X. Divide and Conquer
Following are the detailed steps of a O(n (Logn)^2) algortihm.

As a pre-processing step, input array is sorted according to x coordinates.

1) Find the middle point in the sorted array, we can take P[n/2] as middle point.

2) Divide the given array in two halves. The first subarray contains points from P[0] to P[n/2]. The second subarray contains points from P[n/2+1] to P[n-1].

3) Recursively find the smallest distances in both subarrays. Let the distances be dl and dr. Find the minimum of dl and dr. Let the minimum be d.

4) From above 3 steps, we have an upper bound d of minimum distance. Now we need to consider the pairs such that one point in pair is from left half and other is from right half. Consider the vertical line passing through passing through P[n/2] and find all points whose x coordinate is closer than d to the middle vertical line. Build an array strip[] of all such points.

5) Sort the array strip[] according to y coordinates. This step is O(nLogn). It can be optimized to O(n) by recursively sorting and merging.

6) Find the smallest distance in strip[]. This is tricky. From first look, it seems to be a O(n^2) step, but it is actually O(n). It can be proved geometrically that for every point in strip, we only need to check at most 7 points after it (note that strip is sorted according to Y coordinate). See this for more analysis.

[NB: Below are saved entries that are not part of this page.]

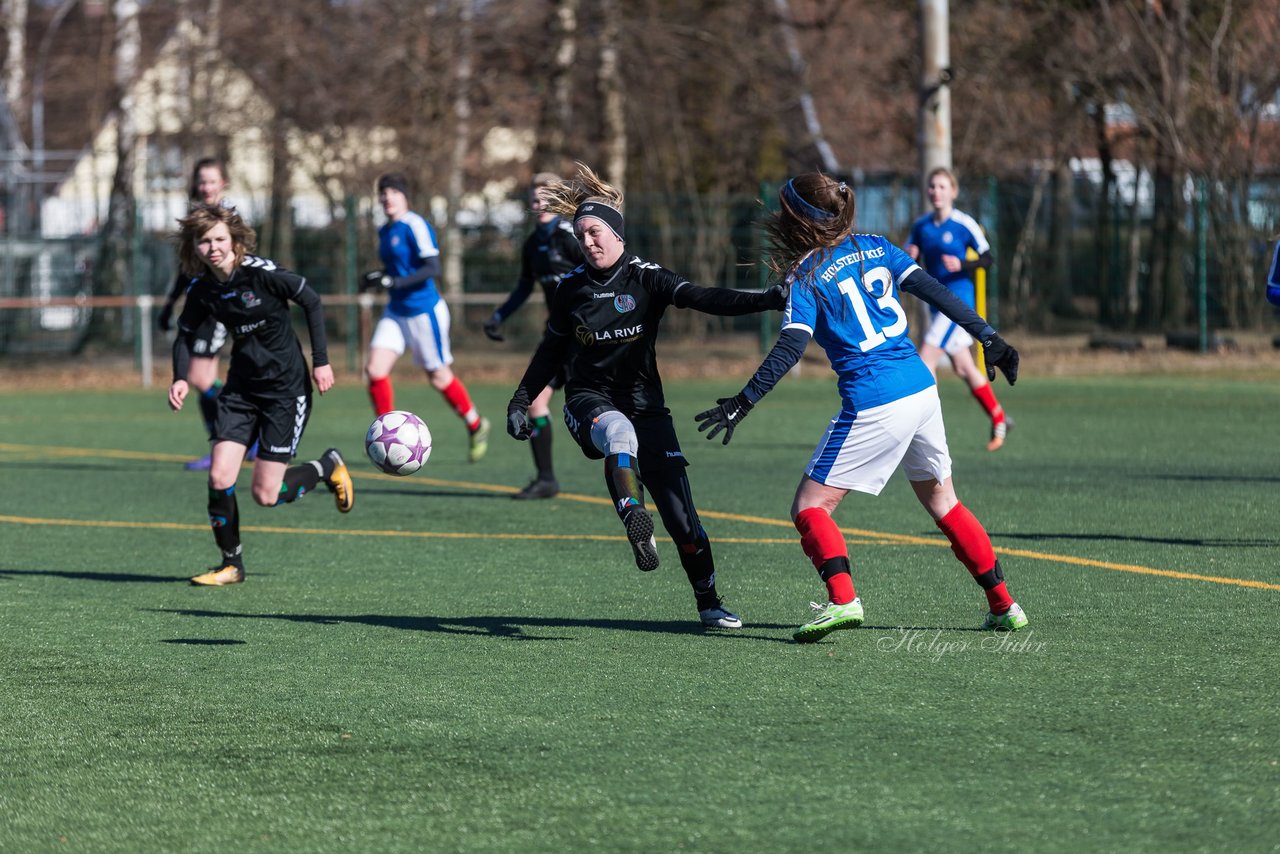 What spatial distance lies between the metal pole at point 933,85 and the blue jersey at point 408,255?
915 centimetres

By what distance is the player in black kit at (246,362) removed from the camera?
8.79 meters

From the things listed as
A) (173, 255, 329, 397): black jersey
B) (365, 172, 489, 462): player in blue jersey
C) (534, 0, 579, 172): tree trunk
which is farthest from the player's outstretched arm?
(534, 0, 579, 172): tree trunk

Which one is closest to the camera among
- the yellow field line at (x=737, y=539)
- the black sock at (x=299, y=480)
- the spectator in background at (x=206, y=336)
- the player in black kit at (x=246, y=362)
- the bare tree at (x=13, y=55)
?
the yellow field line at (x=737, y=539)

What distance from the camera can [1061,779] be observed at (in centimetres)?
487

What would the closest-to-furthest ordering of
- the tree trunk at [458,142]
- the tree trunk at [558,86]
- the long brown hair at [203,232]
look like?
the long brown hair at [203,232] → the tree trunk at [458,142] → the tree trunk at [558,86]

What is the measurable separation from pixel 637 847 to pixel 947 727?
57.2 inches

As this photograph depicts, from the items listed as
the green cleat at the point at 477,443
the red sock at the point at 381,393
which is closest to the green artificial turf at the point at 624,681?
the red sock at the point at 381,393

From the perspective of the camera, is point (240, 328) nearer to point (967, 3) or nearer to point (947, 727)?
point (947, 727)

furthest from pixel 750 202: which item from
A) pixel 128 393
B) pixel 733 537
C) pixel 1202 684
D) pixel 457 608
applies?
pixel 1202 684

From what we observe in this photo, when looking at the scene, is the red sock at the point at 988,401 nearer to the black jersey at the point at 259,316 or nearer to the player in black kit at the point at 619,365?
the black jersey at the point at 259,316

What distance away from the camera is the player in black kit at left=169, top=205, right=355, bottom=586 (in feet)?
28.8

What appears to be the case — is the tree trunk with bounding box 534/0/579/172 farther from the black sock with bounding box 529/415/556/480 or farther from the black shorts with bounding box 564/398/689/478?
the black shorts with bounding box 564/398/689/478

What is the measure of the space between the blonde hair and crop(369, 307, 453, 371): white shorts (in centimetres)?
601

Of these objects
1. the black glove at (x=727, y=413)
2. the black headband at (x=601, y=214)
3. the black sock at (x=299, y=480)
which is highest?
the black headband at (x=601, y=214) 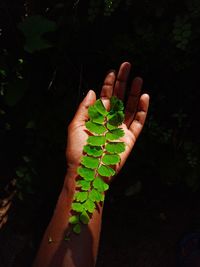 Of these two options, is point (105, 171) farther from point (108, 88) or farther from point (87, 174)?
point (108, 88)

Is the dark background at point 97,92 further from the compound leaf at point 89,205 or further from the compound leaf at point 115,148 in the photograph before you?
the compound leaf at point 89,205

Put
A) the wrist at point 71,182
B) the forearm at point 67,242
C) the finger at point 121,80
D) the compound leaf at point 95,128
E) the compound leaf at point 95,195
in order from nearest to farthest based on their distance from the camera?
the compound leaf at point 95,195, the compound leaf at point 95,128, the forearm at point 67,242, the wrist at point 71,182, the finger at point 121,80

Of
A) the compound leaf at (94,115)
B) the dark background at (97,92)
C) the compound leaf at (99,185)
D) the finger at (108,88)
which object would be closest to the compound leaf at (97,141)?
the compound leaf at (94,115)

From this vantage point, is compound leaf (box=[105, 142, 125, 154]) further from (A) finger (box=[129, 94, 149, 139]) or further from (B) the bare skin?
(A) finger (box=[129, 94, 149, 139])

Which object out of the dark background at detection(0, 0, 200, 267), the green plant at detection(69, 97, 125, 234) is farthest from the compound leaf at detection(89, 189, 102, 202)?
the dark background at detection(0, 0, 200, 267)

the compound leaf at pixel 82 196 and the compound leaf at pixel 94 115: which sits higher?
the compound leaf at pixel 94 115

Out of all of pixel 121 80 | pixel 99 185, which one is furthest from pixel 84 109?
pixel 99 185

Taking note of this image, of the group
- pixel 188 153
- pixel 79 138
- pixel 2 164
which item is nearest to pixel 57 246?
pixel 79 138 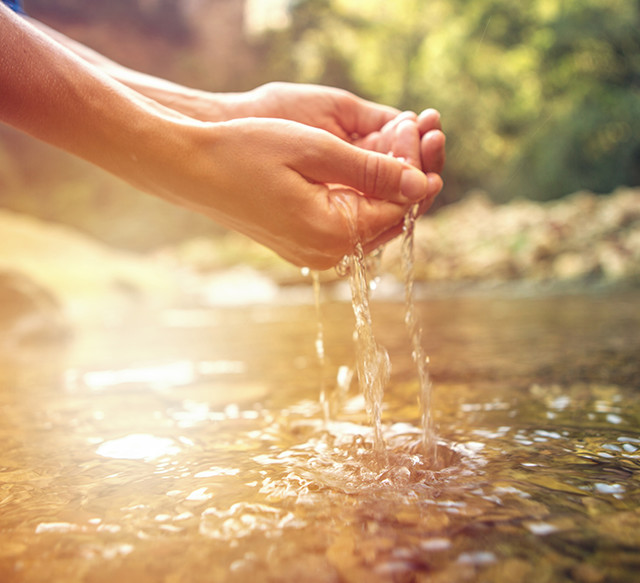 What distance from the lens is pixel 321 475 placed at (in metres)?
1.21

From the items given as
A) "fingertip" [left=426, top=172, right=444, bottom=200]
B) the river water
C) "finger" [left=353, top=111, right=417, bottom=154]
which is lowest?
the river water

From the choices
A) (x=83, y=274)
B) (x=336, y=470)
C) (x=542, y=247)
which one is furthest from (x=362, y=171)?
(x=542, y=247)

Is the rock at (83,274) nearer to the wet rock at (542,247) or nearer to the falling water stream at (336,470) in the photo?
the wet rock at (542,247)

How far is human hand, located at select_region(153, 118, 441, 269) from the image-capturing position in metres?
1.45

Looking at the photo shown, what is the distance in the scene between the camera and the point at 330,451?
139 centimetres

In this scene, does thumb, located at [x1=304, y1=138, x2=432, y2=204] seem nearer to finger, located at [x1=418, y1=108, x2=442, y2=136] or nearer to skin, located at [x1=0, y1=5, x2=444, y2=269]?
skin, located at [x1=0, y1=5, x2=444, y2=269]

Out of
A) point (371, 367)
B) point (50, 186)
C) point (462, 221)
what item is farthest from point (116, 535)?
point (50, 186)

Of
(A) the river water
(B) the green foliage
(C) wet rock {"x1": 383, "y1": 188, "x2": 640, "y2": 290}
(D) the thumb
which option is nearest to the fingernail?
(D) the thumb

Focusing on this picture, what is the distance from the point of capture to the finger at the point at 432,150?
1.64 metres

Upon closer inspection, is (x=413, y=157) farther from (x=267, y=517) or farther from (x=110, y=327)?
(x=110, y=327)

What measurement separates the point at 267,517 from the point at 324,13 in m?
24.1

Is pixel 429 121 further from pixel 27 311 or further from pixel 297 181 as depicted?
pixel 27 311

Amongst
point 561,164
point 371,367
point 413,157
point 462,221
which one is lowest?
point 371,367

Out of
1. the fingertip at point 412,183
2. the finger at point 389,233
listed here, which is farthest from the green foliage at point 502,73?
the fingertip at point 412,183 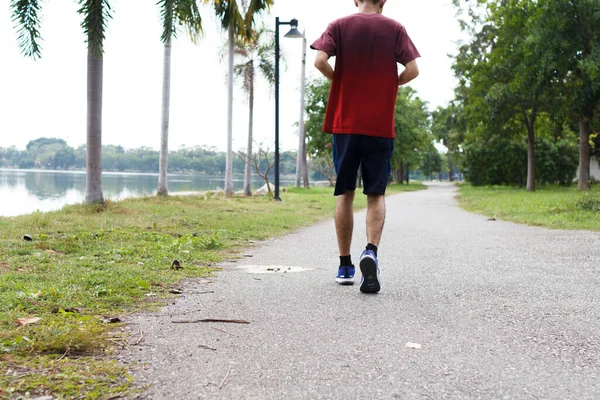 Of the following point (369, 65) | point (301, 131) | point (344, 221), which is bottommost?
point (344, 221)

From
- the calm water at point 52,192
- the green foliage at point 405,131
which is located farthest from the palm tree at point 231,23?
the green foliage at point 405,131

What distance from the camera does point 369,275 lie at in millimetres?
3797

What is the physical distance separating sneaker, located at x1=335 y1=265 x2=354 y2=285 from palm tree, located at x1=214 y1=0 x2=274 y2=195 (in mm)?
14778

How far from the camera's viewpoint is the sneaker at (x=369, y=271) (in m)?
3.75

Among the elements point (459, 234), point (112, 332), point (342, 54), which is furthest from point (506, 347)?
point (459, 234)

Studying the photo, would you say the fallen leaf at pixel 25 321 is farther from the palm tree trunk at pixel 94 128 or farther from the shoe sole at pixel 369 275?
the palm tree trunk at pixel 94 128

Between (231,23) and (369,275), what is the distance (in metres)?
16.0

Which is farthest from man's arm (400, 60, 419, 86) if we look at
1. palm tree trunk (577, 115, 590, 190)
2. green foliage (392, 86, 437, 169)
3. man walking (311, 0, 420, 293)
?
green foliage (392, 86, 437, 169)

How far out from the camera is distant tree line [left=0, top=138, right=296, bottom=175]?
53.6 m

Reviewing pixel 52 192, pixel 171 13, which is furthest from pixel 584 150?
pixel 52 192

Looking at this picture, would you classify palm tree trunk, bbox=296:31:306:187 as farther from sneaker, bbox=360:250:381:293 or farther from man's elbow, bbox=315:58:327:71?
sneaker, bbox=360:250:381:293

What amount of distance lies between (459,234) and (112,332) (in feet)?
22.4

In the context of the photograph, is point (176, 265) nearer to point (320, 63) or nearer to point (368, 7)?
point (320, 63)

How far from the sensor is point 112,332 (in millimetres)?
2801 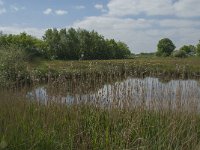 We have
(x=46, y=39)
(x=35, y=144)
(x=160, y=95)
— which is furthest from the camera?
(x=46, y=39)

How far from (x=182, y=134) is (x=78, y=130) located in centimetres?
156

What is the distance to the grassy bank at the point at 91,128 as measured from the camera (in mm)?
4555

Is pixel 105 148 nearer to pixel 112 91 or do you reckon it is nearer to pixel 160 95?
pixel 112 91

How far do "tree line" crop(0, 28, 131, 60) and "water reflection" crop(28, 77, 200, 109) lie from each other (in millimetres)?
41432

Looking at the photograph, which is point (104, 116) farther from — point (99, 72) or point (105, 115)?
point (99, 72)

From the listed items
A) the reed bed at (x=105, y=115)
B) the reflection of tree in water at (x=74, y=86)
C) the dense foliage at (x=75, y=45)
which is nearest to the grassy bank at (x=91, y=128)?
the reed bed at (x=105, y=115)

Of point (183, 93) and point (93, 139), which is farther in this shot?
point (183, 93)

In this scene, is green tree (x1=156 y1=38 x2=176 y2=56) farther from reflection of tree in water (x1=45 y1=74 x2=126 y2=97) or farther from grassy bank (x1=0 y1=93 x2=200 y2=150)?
grassy bank (x1=0 y1=93 x2=200 y2=150)

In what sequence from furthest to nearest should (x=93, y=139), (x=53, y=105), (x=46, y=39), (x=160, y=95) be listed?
(x=46, y=39) < (x=160, y=95) < (x=53, y=105) < (x=93, y=139)

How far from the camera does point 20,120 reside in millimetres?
5234

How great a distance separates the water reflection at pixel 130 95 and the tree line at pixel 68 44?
4143 centimetres

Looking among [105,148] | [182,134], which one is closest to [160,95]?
[182,134]

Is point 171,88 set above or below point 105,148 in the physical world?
above

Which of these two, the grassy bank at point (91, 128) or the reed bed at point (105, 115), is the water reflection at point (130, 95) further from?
the grassy bank at point (91, 128) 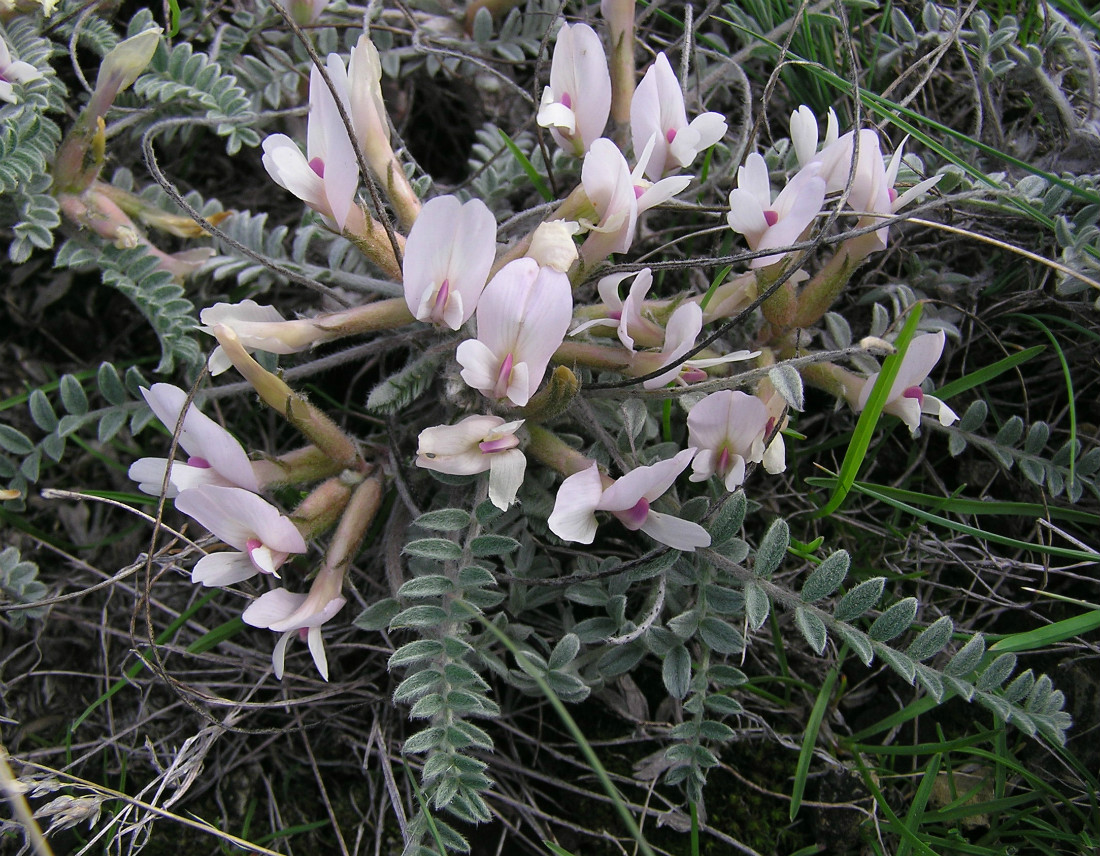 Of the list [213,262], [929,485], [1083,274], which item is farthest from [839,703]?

7) Finally return the minimum of d and distance calculated in above step (step 6)

Time Complexity Let Time complexity of above algorithm be T(n). Let us assume that we use a O(nLogn) sorting algorithm. The above algorithm divides all points in two sets and recursively calls for two sets. After dividing, it finds the strip in O(n) time, sorts the strip in O(nLogn) time and finally finds the closest points in strip in O(n) time. So T(n) can expressed as follows
T(n) = 2T(n/2) + O(n) + O(nLogn) + O(n)
T(n) = 2T(n/2) + O(nLogn)
T(n) = T(n x Logn x Logn)

struct Point 

{

    int x, y; 

};

/* Following two functions are needed for library function qsort(). 

   Refer: http://www.cplusplus.com/reference/clibrary/cstdlib/qsort/ */

// Needed to sort array of points according to X coordinate 

int compareX(const void* a, const void* b) 

{

    Point *p1 = (Point *)a,  *p2 = (Point *)b; 

    return (p1->x - p2->x); 

}

// Needed to sort array of points according to Y coordinate 

int compareY(const void* a, const void* b) 

{

    Point *p1 = (Point *)a,   *p2 = (Point *)b; 

    return (p1->y - p2->y); 

}

// A utility function to find the distance between two points 

float dist(Point p1, Point p2) 

{

    return sqrt( (p1.x - p2.x)*(p1.x - p2.x) + 

                 (p1.y - p2.y)*(p1.y - p2.y) 

);

}

// A Brute Force method to return the smallest distance between two points 

// in P[] of size n 

float bruteForce(Point P[], int n) 

{

    float min = FLT_MAX; 

    for (int i = 0; i < n; ++i) 

        for (int j = i+1; j < n; ++j) 

            if (dist(P[i], P[j]) < min) 

                min = dist(P[i], P[j]); 

    return min; 

}

// A utility function to find minimum of two float values 

float min(float x, float y) 

{

    return (x < y)? x : y; 

}

// A utility function to find the distance beween the closest points of 

// strip of given size. All points in strip[] are sorted accordint to 

// y coordinate. They all have an upper bound on minimum distance as d. 

// Note that this method seems to be a O(n^2) method, but it's a O(n) 

// method as the inner loop runs at most 6 times 

float stripClosest(Point strip[], int size, float d) 

{

    float min = d;  // Initialize the minimum distance as d 

    qsort(strip, size, sizeof(Point), compareY);  

    // Pick all points one by one and try the next points till the difference 

    // between y coordinates is smaller than d. 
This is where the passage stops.